Provided records: Begin

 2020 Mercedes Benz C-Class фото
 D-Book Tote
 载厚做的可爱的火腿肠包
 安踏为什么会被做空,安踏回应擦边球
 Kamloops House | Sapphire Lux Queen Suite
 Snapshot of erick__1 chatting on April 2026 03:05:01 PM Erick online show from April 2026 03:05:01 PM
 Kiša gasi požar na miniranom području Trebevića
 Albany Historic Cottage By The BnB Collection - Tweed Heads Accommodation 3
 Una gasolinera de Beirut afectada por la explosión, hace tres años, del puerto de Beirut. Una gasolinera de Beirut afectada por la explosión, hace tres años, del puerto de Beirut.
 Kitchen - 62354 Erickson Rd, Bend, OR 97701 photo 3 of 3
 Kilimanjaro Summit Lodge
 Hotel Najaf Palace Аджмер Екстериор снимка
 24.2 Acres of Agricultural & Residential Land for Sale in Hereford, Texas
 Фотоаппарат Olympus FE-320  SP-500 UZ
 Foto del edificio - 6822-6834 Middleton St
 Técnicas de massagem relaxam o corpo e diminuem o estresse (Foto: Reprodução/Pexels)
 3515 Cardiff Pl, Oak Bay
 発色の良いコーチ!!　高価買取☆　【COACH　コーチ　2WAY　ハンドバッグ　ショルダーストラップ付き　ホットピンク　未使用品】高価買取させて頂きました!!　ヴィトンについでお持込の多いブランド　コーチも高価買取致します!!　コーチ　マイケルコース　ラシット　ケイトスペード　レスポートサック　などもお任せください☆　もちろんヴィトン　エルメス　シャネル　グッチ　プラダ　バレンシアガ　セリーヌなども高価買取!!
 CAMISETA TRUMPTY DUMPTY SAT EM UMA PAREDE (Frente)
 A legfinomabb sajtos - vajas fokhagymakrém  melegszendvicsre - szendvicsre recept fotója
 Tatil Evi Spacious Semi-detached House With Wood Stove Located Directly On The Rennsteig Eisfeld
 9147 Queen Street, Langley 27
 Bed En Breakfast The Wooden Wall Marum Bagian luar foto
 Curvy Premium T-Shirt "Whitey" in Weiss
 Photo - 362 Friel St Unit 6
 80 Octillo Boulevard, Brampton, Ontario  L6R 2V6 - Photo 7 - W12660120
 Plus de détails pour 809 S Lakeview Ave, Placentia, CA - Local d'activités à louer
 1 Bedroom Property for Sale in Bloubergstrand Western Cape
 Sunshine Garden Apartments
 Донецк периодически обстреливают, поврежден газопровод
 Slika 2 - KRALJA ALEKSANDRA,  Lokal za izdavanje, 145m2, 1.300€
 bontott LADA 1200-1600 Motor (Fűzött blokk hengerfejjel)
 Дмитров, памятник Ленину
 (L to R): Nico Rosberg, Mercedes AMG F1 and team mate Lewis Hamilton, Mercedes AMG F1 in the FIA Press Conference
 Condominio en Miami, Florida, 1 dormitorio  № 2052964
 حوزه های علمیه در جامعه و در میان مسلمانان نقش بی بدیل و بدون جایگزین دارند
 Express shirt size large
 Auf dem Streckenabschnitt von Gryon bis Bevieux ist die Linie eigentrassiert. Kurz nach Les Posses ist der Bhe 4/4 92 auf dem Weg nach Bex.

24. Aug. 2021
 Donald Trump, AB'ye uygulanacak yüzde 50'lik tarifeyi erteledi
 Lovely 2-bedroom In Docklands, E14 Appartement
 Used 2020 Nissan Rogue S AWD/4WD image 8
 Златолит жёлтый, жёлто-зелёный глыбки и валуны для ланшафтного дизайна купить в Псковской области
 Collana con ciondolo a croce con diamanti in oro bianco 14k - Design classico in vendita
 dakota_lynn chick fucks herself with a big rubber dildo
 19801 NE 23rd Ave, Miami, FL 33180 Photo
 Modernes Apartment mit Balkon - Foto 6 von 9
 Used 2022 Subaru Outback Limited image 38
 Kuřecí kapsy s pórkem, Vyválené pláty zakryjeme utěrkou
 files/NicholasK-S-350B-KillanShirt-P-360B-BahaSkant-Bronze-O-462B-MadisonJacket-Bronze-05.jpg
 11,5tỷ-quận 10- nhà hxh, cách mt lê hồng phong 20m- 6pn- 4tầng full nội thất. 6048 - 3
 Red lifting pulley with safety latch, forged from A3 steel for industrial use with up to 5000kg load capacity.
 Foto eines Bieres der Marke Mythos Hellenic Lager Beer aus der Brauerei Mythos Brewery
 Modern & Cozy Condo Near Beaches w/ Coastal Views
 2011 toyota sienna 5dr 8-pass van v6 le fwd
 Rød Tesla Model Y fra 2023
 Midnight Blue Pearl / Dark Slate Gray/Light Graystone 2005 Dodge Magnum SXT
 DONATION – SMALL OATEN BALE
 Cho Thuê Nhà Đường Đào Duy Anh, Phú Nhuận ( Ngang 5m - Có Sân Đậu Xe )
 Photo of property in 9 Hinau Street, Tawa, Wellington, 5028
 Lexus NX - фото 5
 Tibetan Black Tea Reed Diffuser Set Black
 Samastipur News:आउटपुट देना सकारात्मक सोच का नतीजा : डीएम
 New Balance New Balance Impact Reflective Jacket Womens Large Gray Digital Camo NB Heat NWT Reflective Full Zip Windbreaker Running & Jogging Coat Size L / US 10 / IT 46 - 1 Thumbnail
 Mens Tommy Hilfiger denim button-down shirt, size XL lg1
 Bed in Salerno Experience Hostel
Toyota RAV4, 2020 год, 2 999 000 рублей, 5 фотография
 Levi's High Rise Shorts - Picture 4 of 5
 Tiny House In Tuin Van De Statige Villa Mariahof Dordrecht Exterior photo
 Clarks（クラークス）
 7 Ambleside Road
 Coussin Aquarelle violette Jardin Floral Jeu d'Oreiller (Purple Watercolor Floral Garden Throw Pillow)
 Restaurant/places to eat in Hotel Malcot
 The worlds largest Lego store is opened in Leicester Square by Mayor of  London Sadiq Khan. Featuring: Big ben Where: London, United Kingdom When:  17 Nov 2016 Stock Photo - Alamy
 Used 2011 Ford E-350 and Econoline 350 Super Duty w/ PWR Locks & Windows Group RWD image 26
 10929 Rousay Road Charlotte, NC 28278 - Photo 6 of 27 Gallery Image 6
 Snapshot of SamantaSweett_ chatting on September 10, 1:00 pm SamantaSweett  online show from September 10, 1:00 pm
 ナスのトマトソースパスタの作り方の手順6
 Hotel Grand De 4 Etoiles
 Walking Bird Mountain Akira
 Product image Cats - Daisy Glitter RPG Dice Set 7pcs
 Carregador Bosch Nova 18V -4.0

Provided records: End

== What you will do ==
Your task is to find every line above containing the word "online" and copy it.

== Result for this exercise ==
 Snapshot of erick__1 chatting on April 2026 03:05:01 PM Erick online show from April 2026 03:05:01 PM
 Snapshot of SamantaSweett_ chatting on September 10, 1:00 pm SamantaSweett  online show from September 10, 1:00 pm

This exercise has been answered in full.